Stan Stein, Wahpeton, N.D., Published May 18 2013
Letter: Good results from 80 days of legislative sausage-makingAs the dust settles following the 2013 legislative session, voters from both sides of the aisle should be proud of the work that their elected Republican majorities have done on their behalf.
It may have taken the full 80 days allotted by the constitution, but we have got a lot going on here in North Dakota. In addition, we are served by a collection of independent-minded leaders from all walks of life, and we have an open process that fully allows each and every voice to be heard and every bill to get a vote.
With all that being said, consider this body of work:
- $2.3 billion in transportation infrastructure spending, with the North Dakota Department of Transportation already preparing for its most ambitious construction year ever.
- $1.1 billion of additional funding specifically for oil-impacted counties to help address oil-related infrastructure, public safety, housing and other needs.
- $850 million of property tax relief, including $656 million of increased education funding.
- $250 million of income tax cuts.
- Historic levels of human services spending to expand protection for the most vulnerable of state residents.
- Flood control and expanded rebuilding loan programs, water supply investments, increased DUI penalties, flaring-reduction legislation, and billions of dollars in reserve to prepare for the worst.
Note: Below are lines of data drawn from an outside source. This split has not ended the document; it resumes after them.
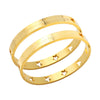 Hollow Stars and Carve Bangle Stars All Aligned Bracelet Set Stainless Steel Jewelry for Women - Image 7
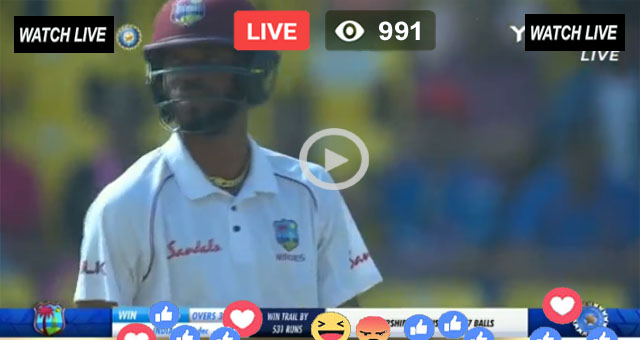 WI vs NZ 1st Test Day 4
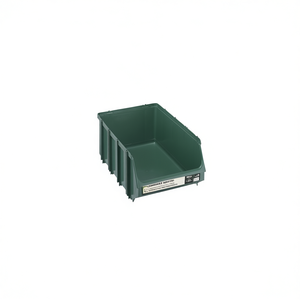 Green Storage Bin 21x34.1x16.7 Cm Stackable For <b>Tool</b> Organization - Product Image 2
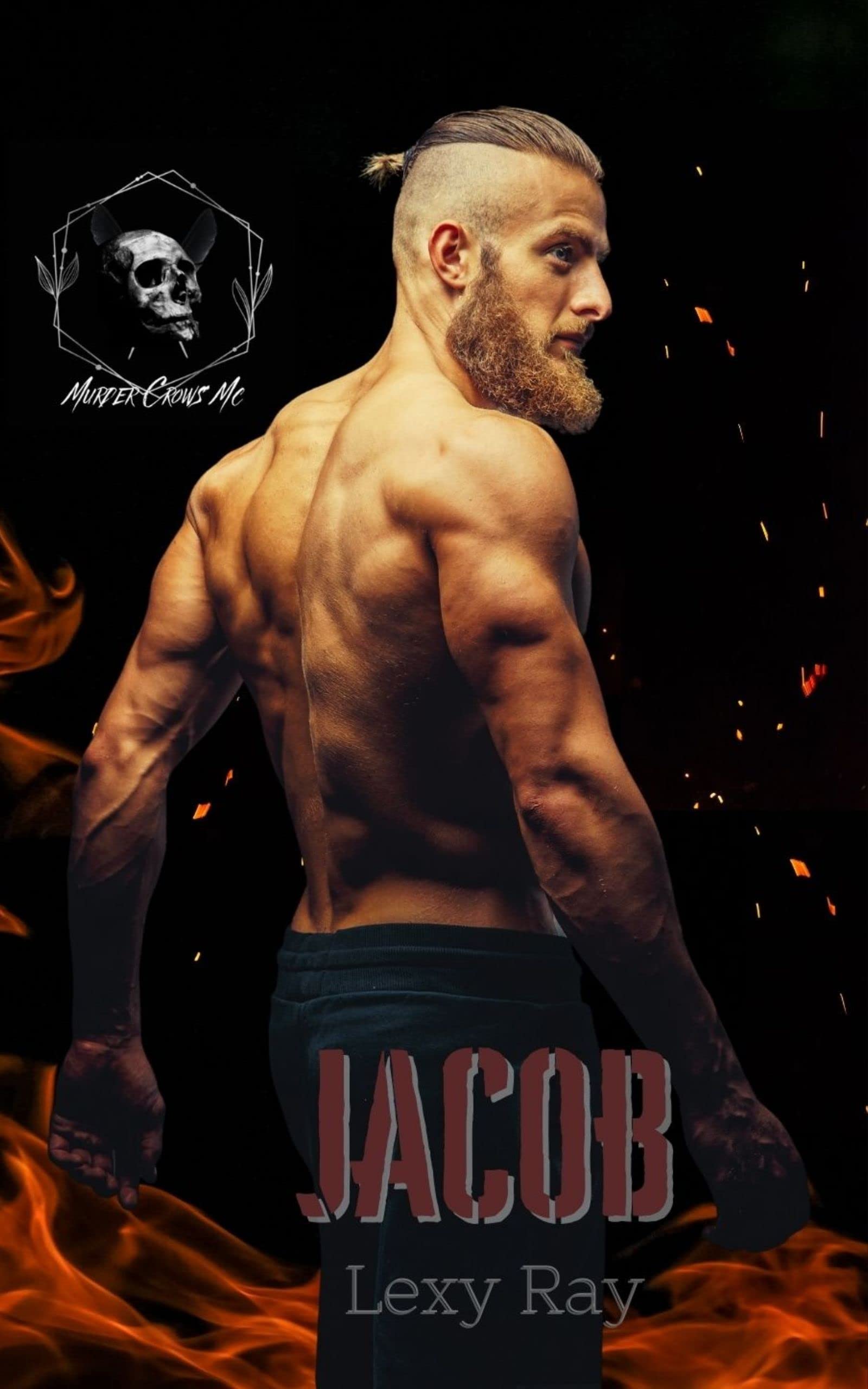 Murder Crows MC book cover 1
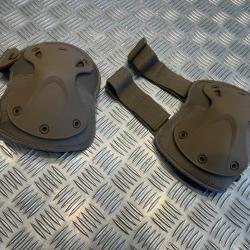 genouillere militaire armee francaise hatch sable tan neuf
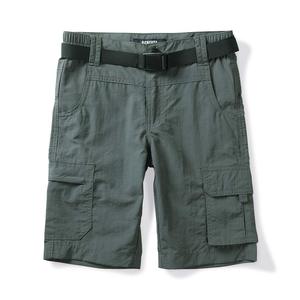 Wholesale Factory High Camo Cargo Shorts Grey Color Cotton Shorts for Men Customized Logo Men Shorts - Product Image 2
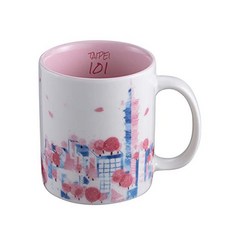 Starbucks 스타벅스 2019 타이베이 101 3oz 사쿠라 데미타스 컵 89ml 대만 해외 벚꽃
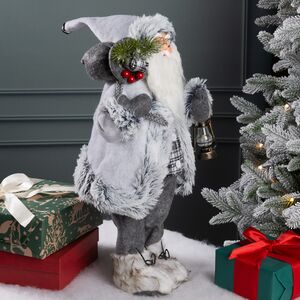 Фигура под елку Санта - Scottish Christmas 45 см Peha фото 5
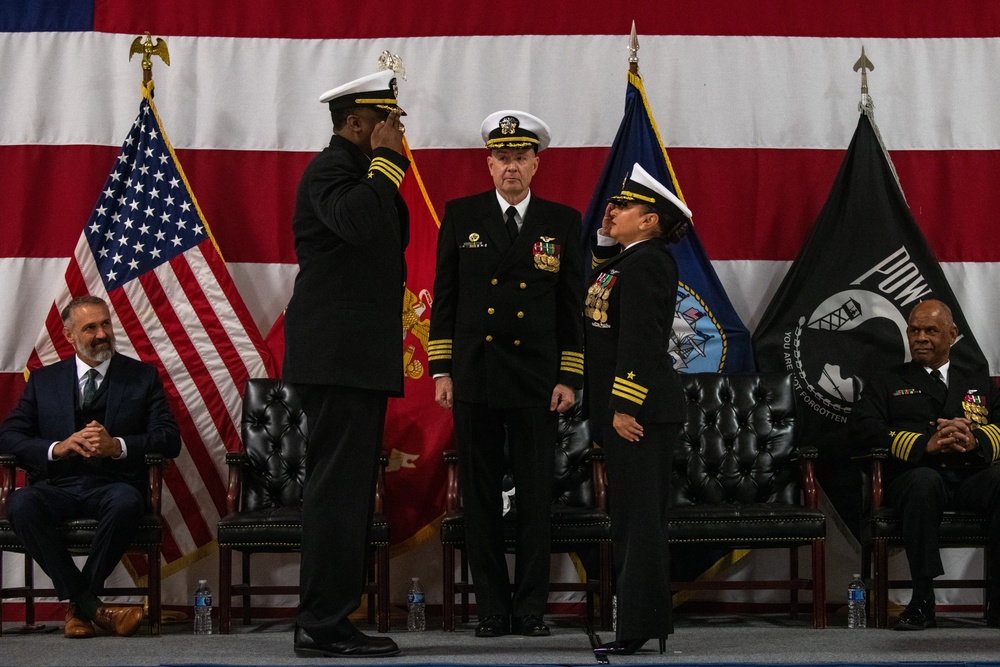 NAS Oceana’s Center for Naval Aviation Technical Training Unit holds retirement and change of command; welcomes first female commanding officer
Not bad for 80 days of sausage-making.
Of course, the critics are already out in force. For some, it was too much spending. But remember that North Dakota’s economy has doubled in 10 years. With nation-leading growth and opportunity come challenges, and our Republican leaders made historic strides in responsibly addressing those needs, while still providing various forms of tax relief and maintaining and expanding reserves for the future.
For others, tax relief did not come in their form of choice, or it didn’t go far enough. Note again the big picture. Most states are pinching pennies just to stay above water, and tax relief of any kind is a fairy tale. We need to look no farther than one state to the east for a case study in that alternative reality where Democrat majorities rule, tax increases and over-regulation stifle job creation, and newly proposed income tax brackets are among the highest in the nation.
No bill or law or process is ever perfect, and as North Dakota continues to grow and prosper, more challenges will undoubtedly emerge, and more reforms will be needed. But thanks to strong Republican leadership in the governor’s office and the Legislature during the 2013 session, North Dakota is making historic strides in addressing the state’s immediate needs while building a solid foundation for the future.
Stein is chairman, North Dakota Republican Party.